- **PROBLEM TO SOLVE**
Copy all the entries below exactly, but not the pictures.
---------------
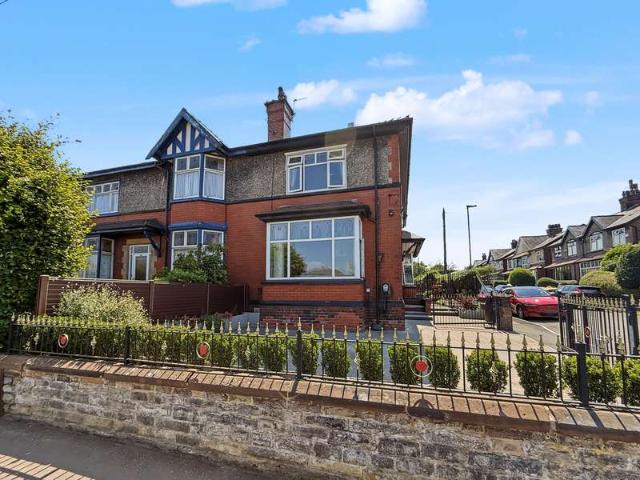 Property for sale in Chapel Field, Bury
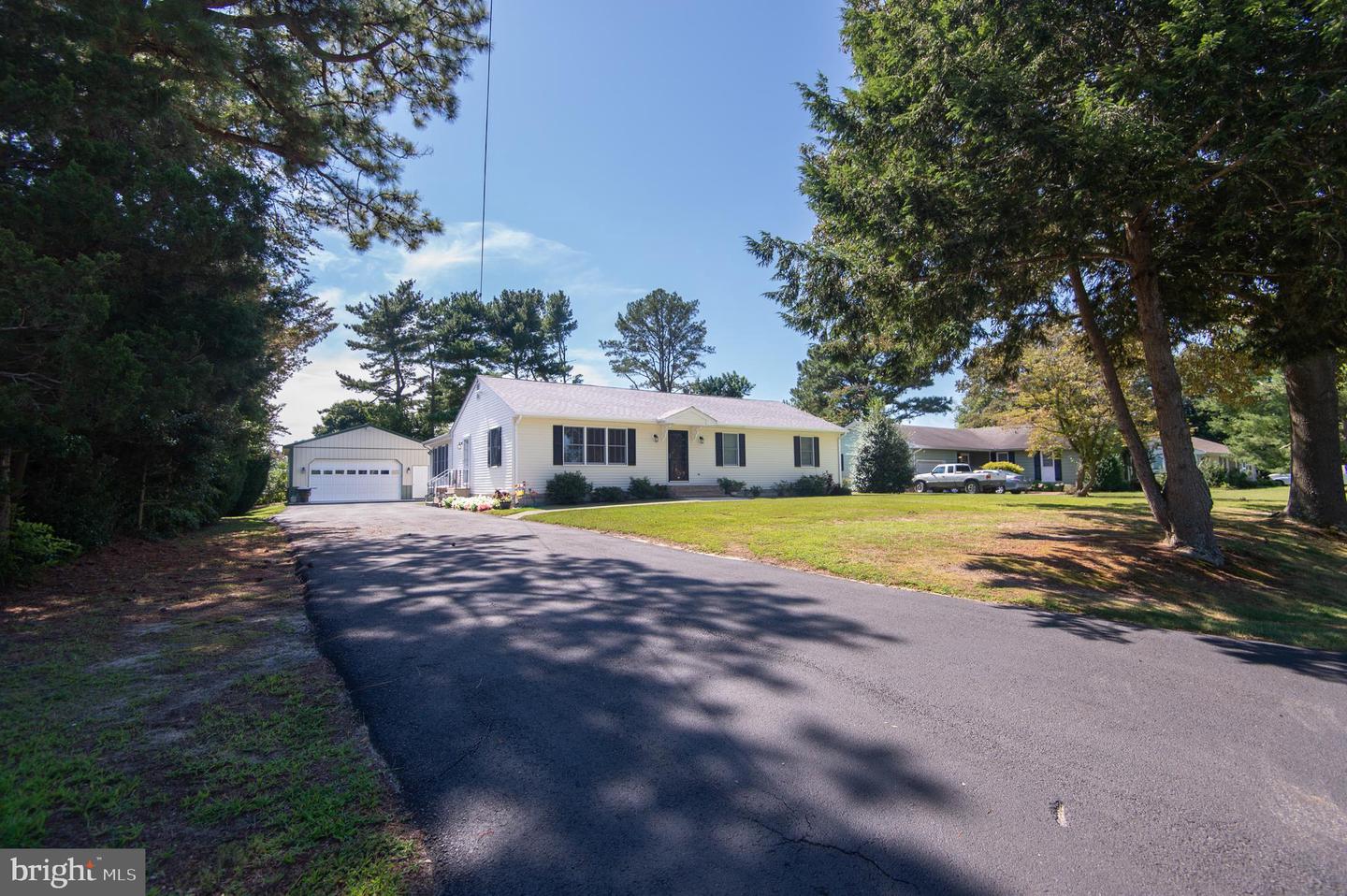 3209 Holly Ln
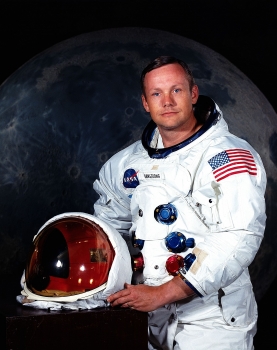 Prvý človek na Mesiaci Neil Armstrong.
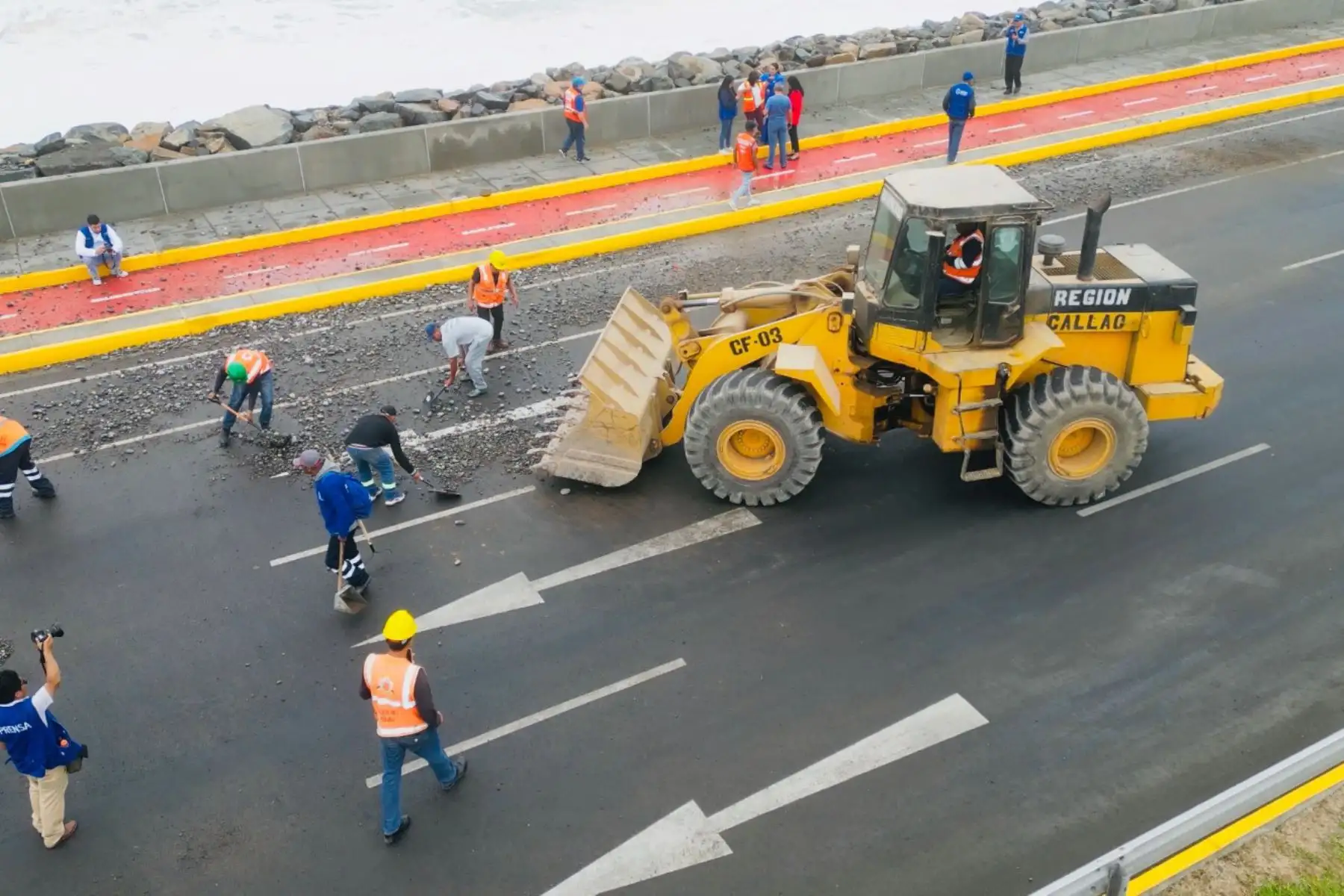 Las piedras que fueron arrastradas por la fuerza del mar hasta la vía Costa Verde tramo Callao, producto de los oleajes anómalos registrados en las últimas horas, fueron recogidas por trabajadores del Gobierno Regional del Callao, apoyados con maquinaria pesada.
Foto: ANDINA/Gore Callao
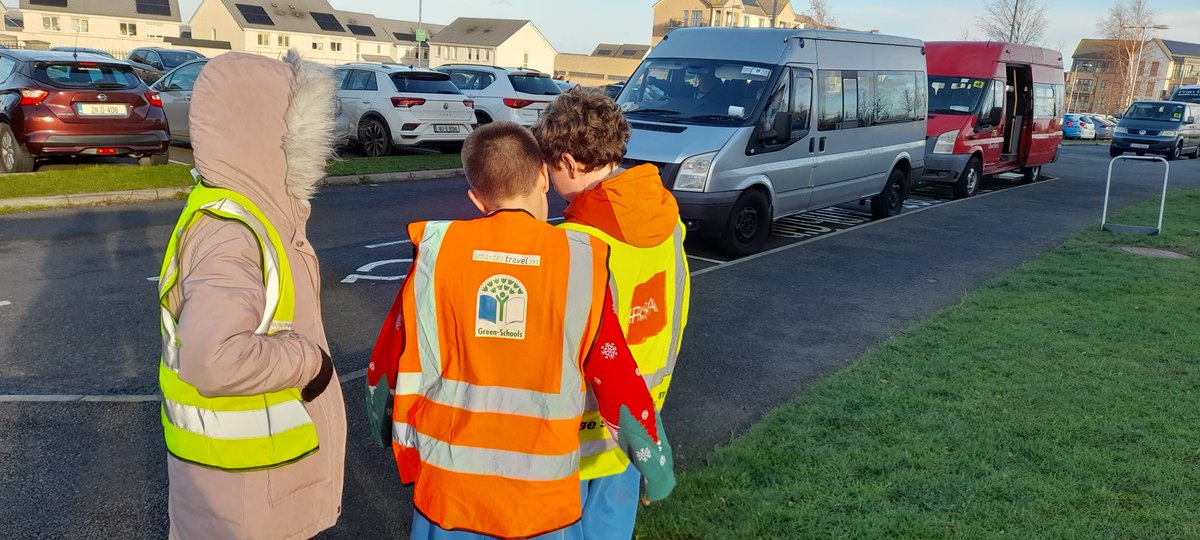 GSBB_Sord's tweet image. Suirbhé tráchta inniu. 
Cosc ar Réchasadh (no Idiling)
@GreenSchoolsIre  @greenschools_travel 
#CleanAirWeek #BeatAirPollution #CAW24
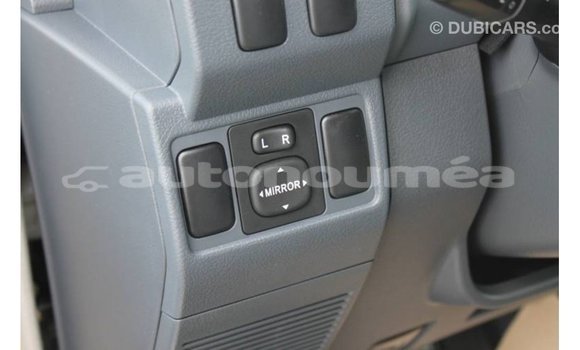 Buy Import Toyota Land Cruiser Beige Car in Import - Dubai in Iles Buy Import Toyota Land Cruiser Beige Car in Import - Dubai in Iles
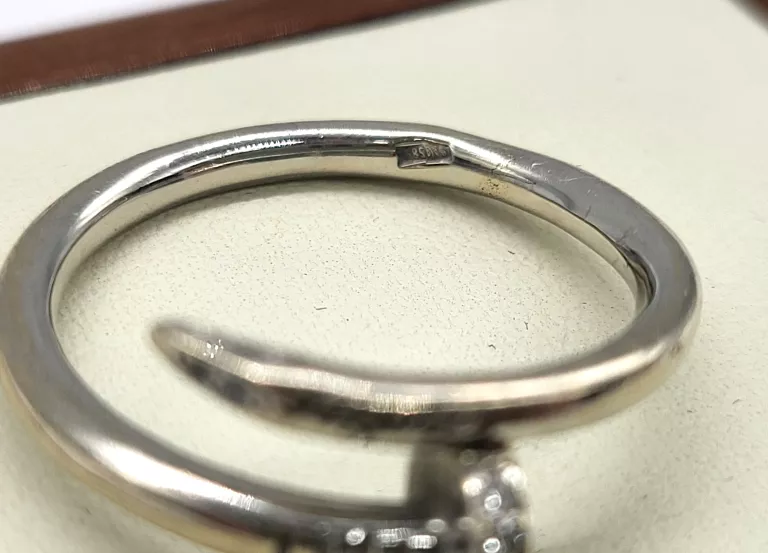 niespotykany-zloty-pierscionek-585378g-biale-zloto-marka-248811-1944500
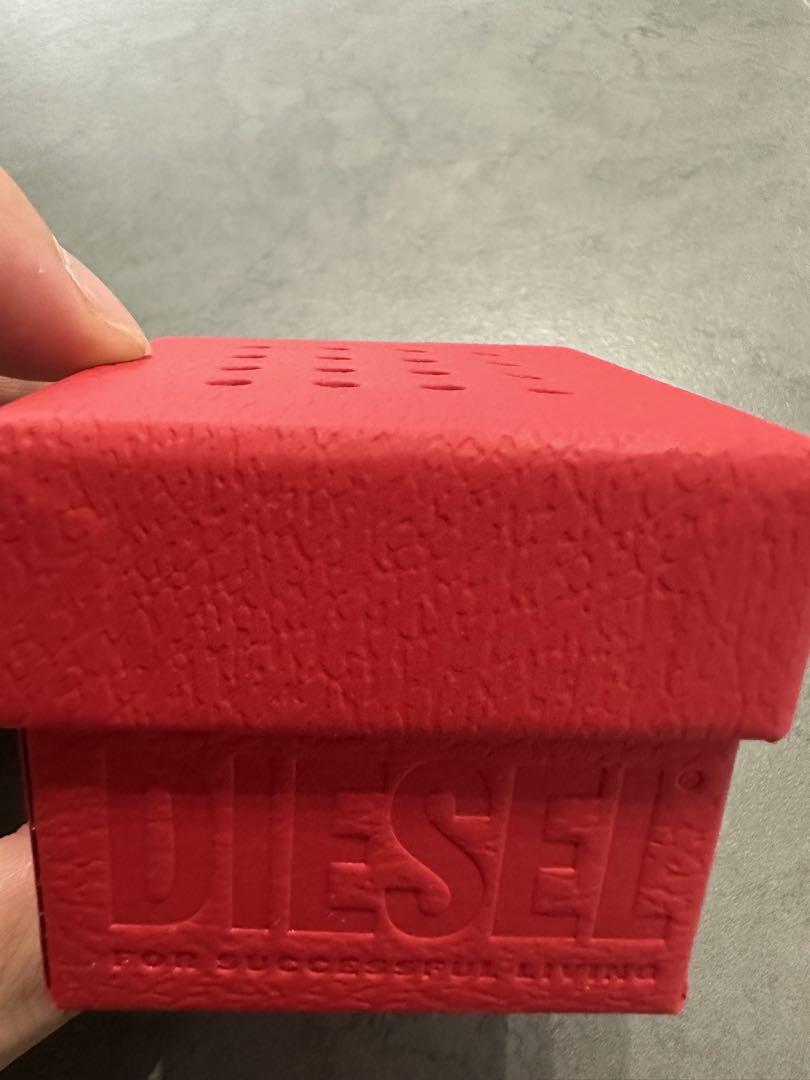 diesel ピアス　金　状態(S)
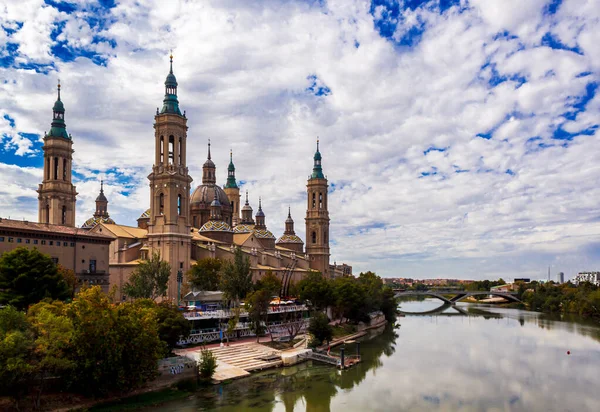 Baslica Nuestra Seora Del Pilar Ebro River City Zaragoza Saragossa — стокове фото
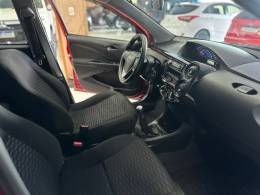 TOYOTA - ETIOS - 2015/2015 - Vermelha - R$ 46.900,00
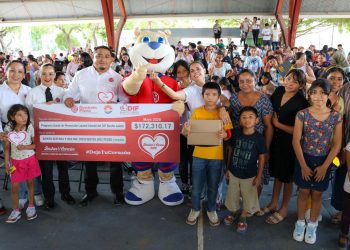 Ana Paty Peralta, entrega donativo de la campaña Boston’s Cares al programa de Prevención del Trabajo Infantil del DIF Benito Juárez
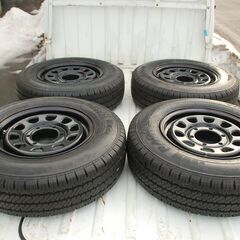 DAYTONA ‘s デイトナズブラック 15in.X6.5J 6H-139.7 +40スチール＆タイヤ195/80R15 HANKOOK RA08 107/105L 中古 4本SET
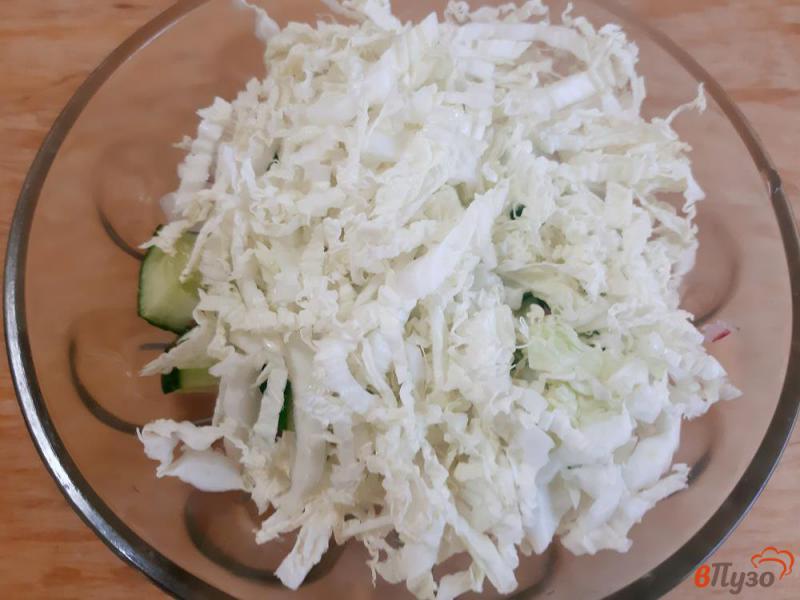Фото приготовление рецепта: Салат с пекинской капустой редисом и огурцами шаг №4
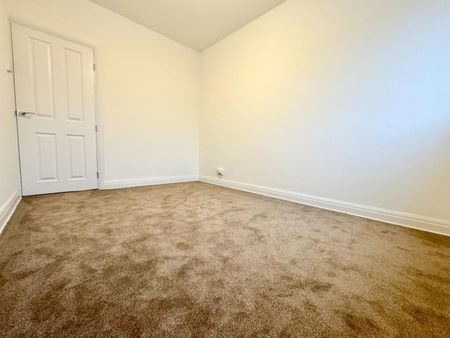 2 bedroom House To Let - Photo 3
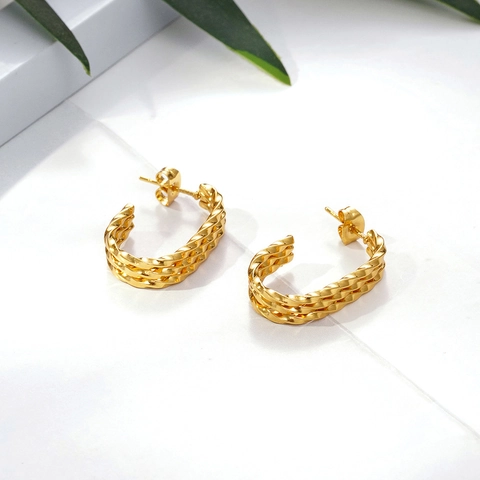 Vintage Gold Titanium Steel Twisted C-Shape Earrings Geometric Hollow Spiral Fashion Jewelry For Women
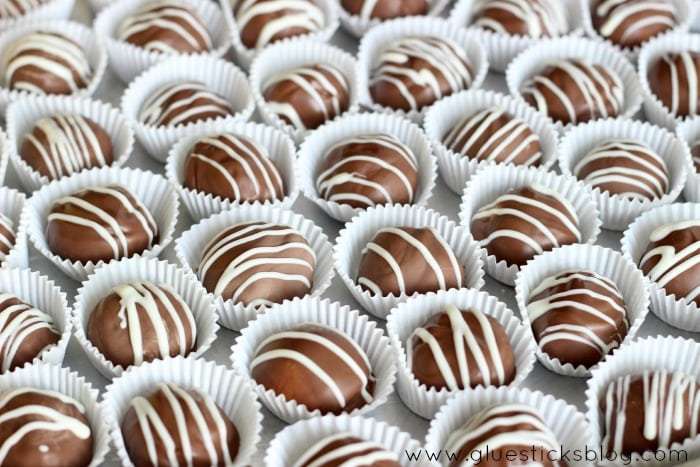 Make Your Own Chocolate Caramel Filled Candies - Best of the Weekend Feature for November 16, 2018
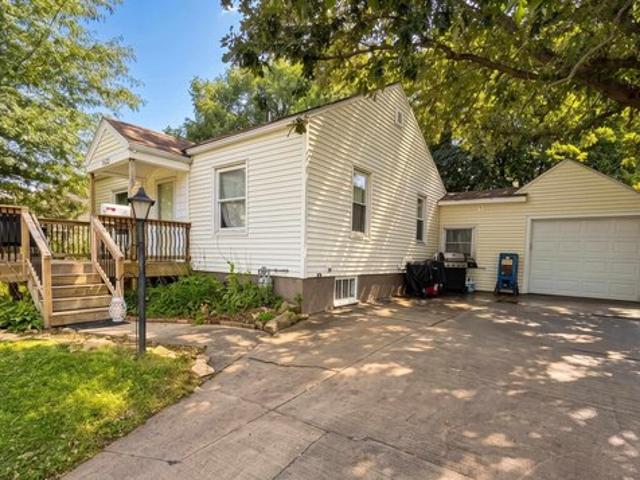 House for sale in Cedar Falls, Iowa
---------------
- **WRITTEN ANSWER**
 Property for sale in Chapel Field, Bury
 3209 Holly Ln
 Prvý človek na Mesiaci Neil Armstrong.
 Las piedras que fueron arrastradas por la fuerza del mar hasta la vía Costa Verde tramo Callao, producto de los oleajes anómalos registrados en las últimas horas, fueron recogidas por trabajadores del Gobierno Regional del Callao, apoyados con maquinaria pesada.
Foto: ANDINA/Gore Callao
 GSBB_Sord's tweet image. Suirbhé tráchta inniu. 
Cosc ar Réchasadh (no Idiling)
@GreenSchoolsIre  @greenschools_travel 
#CleanAirWeek #BeatAirPollution #CAW24
 Buy Import Toyota Land Cruiser Beige Car in Import - Dubai in Iles Buy Import Toyota Land Cruiser Beige Car in Import - Dubai in Iles
 niespotykany-zloty-pierscionek-585378g-biale-zloto-marka-248811-1944500
 diesel ピアス　金　状態(S)
 Baslica Nuestra Seora Del Pilar Ebro River City Zaragoza Saragossa — стокове фото
 TOYOTA - ETIOS - 2015/2015 - Vermelha - R$ 46.900,00
 Ana Paty Peralta, entrega donativo de la campaña Boston’s Cares al programa de Prevención del Trabajo Infantil del DIF Benito Juárez
 DAYTONA ‘s デイトナズブラック 15in.X6.5J 6H-139.7 +40スチール＆タイヤ195/80R15 HANKOOK RA08 107/105L 中古 4本SET
Фото приготовление рецепта: Салат с пекинской капустой редисом и огурцами шаг №4
 2 bedroom House To Let - Photo 3
 Vintage Gold Titanium Steel Twisted C-Shape Earrings Geometric Hollow Spiral Fashion Jewelry For Women
 Make Your Own Chocolate Caramel Filled Candies - Best of the Weekend Feature for November 16, 2018
 House for sale in Cedar Falls, Iowa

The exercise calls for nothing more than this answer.